You can help users pick good passwords by providing some guidance and, most especially, providing for very long pass phrases.  To see what I mean, check this cartoon from XKCD.  Suggest that, when people register on your site, that they pick a pass phrase rather than a password, and maybe even link to XKCD.

Some security experts will disagree with me, but I think trying to force particular combinations, like "one uppercase letter, one number, one punctuation character" makes matters worse rather than better.  It encourages people to re-use passwords or to write them down.  Writing passwords down isn't necessarily bad in and of itself, but it provides an opportunity for something else to go wrong.

About these six simple rules

Following these six simple rules will make it much harder for attackers who steal your password file to recover plain text passwords.  Following the rules does not make guessing impossible, so if there's a breach, you have to notify people.  With luck, the things you've done will provide time for you to notify your subscribers in case of a breach and for them to change their passwords elsewhere.  They'll also keep people from saying (about us) "How could they be so stupid?"

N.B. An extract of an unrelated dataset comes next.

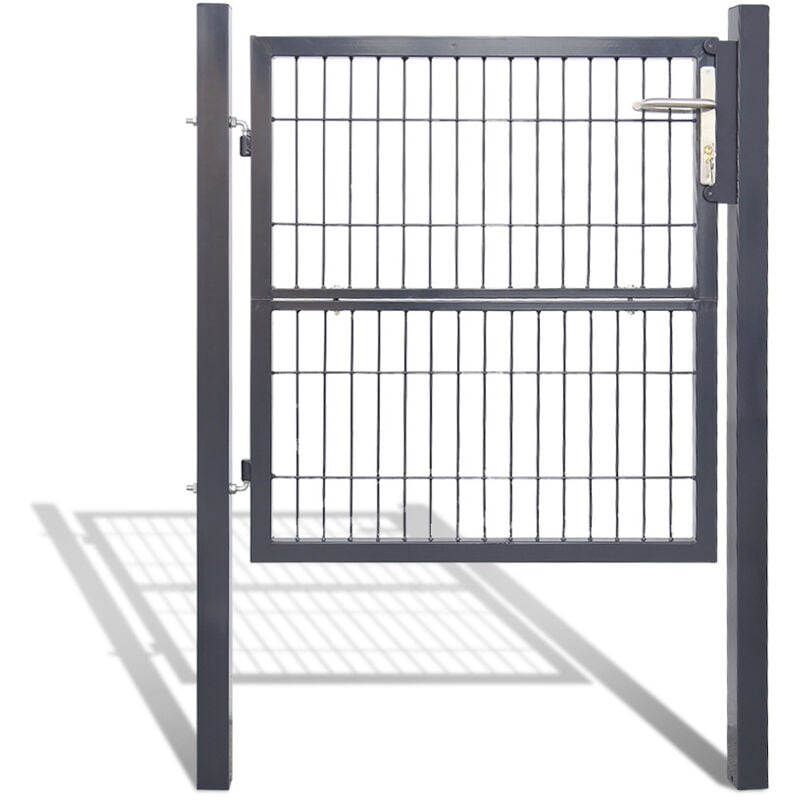 Portail de clôture de jardin Portillon grillagé avec poteaux Acier Portail de jardin Avec serrure 100100CM Anthracite - Swanew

None of these things will prevent your password file from getting stolen in the first place.  That's a subject for another day, but see below for one suggestion.  None of these things will save the user who chooses "keepout" for a password.

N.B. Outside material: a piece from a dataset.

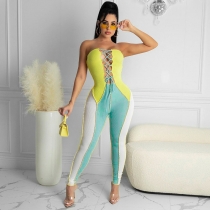 Stitching contrast color sleeveless tether strap tight-fitting trousers jumpsuit K21JP200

One last thing about the simple rules above.  Attackers can't easily recover a password even if they have the password file.  Neither can you!  So, you'll have to provide a mechanism for the hapless person who forgets a password to reset it.  There is no way to tell them what it was.  Another subject for another day is how to keep an adversary from subverting the password reset process, but it's something to worry about.

Password software

There is time-tested software, developed by real cryptographers, that will help you store passwords in a way that meets the last five tests.  (You have to use SSL or TLS to meet the first one.) If you're storing passwords, look into bcrypt, scrypt, or PBKDF2.  This really isn't rocket science.  One just needs to understand the need to do it.  There is an excellent tutorial, with example software, at crackstation.net.  If you're implementing a password storage system, or your're just curious about the mechanisms, it's quite worth the read.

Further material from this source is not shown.